[Discuss] ZFS vs. Btrfs

Mon Jan 7 19:39:45 EST 2013

> From: discuss-bounces+blu=nedharvey.com at blu.org [mailto:discuss-
> bounces+blu=nedharvey.com at blu.org] On Behalf Of Jerry Feldman
> 
> In my mind the important issue is resistance to drive failure. What
> happens in both ZFS and Btrfs in the case of a power failure.

In zfs, data is written to disk in transaction groups (TXG's).  There are some reserved blocks that are used as a ring buffer, to store the uber block.  When a TXG is written to pool, the uber block is updated.  When pool is mounted, system looks in the reserved uberblock storage area, finds the entry with the highest transaction number and matching checksum, and that entry is used as the latest fully flushed uberblock/TXG.  So therefore all transactions are atomic, and the filesystem is not possible to write in an inconsistent state (unless you have failing cpu or memory or something like that calculating incorrect checksums.)  So after a power outage or kernel panic, your filesystem is definitely consistent, and you may only lose up to the latest 5 seconds of async buffered writes prior to crash, that maybe were still yet-to-be flushed to disk.

It's slightly more complicated when you consider sync-mode writes.  Sync writes are immediately written to NV storage, which are ZIL blocks in-pool if you don't have a dedicated device, but after sync writes hit the ZIL, they become async writes and get buffered with all the other async writes.  At pool mount time, system checks the ZIL for any unflushed transactions, and if necessary, flushes them to pool.  This guarantees both filesystem consistency, and posix behavior compliance, that sync writes be preserved in NV storage and survive such a crash.

It is therefore possible, as you might expect, that sync writes will find their way into the filesystem consistently, while a few seconds worth of unflushed async buffered writes might be lost.  But filesystem inconsistency isn't one of the possible end results.

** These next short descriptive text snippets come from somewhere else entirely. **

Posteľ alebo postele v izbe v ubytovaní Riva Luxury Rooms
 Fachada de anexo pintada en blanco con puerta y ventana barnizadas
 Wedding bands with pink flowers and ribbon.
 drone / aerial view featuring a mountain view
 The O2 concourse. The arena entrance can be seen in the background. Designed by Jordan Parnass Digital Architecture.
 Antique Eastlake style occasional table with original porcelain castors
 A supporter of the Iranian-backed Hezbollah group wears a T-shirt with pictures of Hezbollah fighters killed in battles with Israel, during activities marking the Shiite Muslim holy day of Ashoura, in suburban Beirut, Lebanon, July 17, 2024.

In btrfs ... I have less detail ... but I know they write in transactions, and they do journaling (logging).  So the filesystem will be consistent.  They honor the posix behavior of sync writes to NV storage, so sync writes are guaranteed to be preserved.  And of course, async buffered writes are bound to be vulnerable to the crash.  So qualitatively you'll have similar reliability / crash guarantees.  But I know in ZFS (any modern version), the maximum length of time between TXG flushes is 5 sec...  I don't know if they have any similar time limits on btrfs, and if they do, I don't know what their values are.